Exercise objective = Print the data exactly. Omit the pictures.

Provided material =
Start of Block
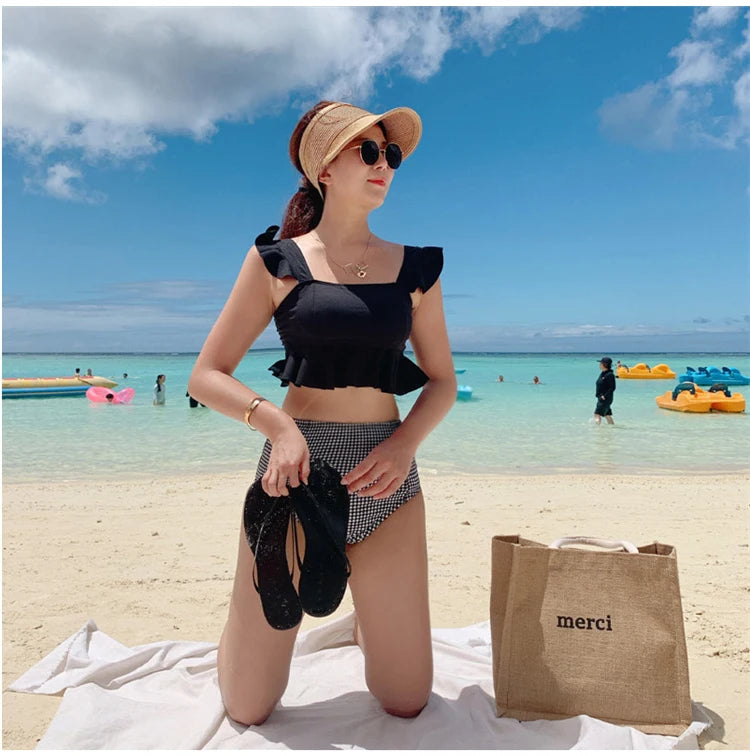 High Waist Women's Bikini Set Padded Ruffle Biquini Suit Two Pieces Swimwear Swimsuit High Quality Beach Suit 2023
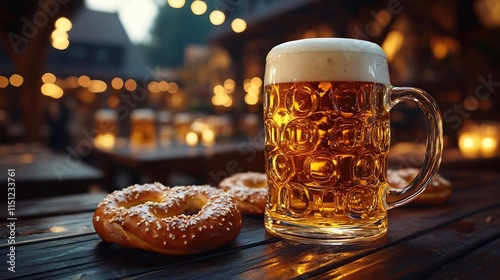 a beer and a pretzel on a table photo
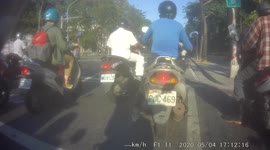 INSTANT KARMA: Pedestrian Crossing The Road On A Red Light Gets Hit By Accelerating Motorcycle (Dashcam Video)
End of Block
Result of the task =
 High Waist Women's Bikini Set Padded Ruffle Biquini Suit Two Pieces Swimwear Swimsuit High Quality Beach Suit 2023
 a beer and a pretzel on a table photo
 INSTANT KARMA: Pedestrian Crossing The Road On A Red Light Gets Hit By Accelerating Motorcycle (Dashcam Video)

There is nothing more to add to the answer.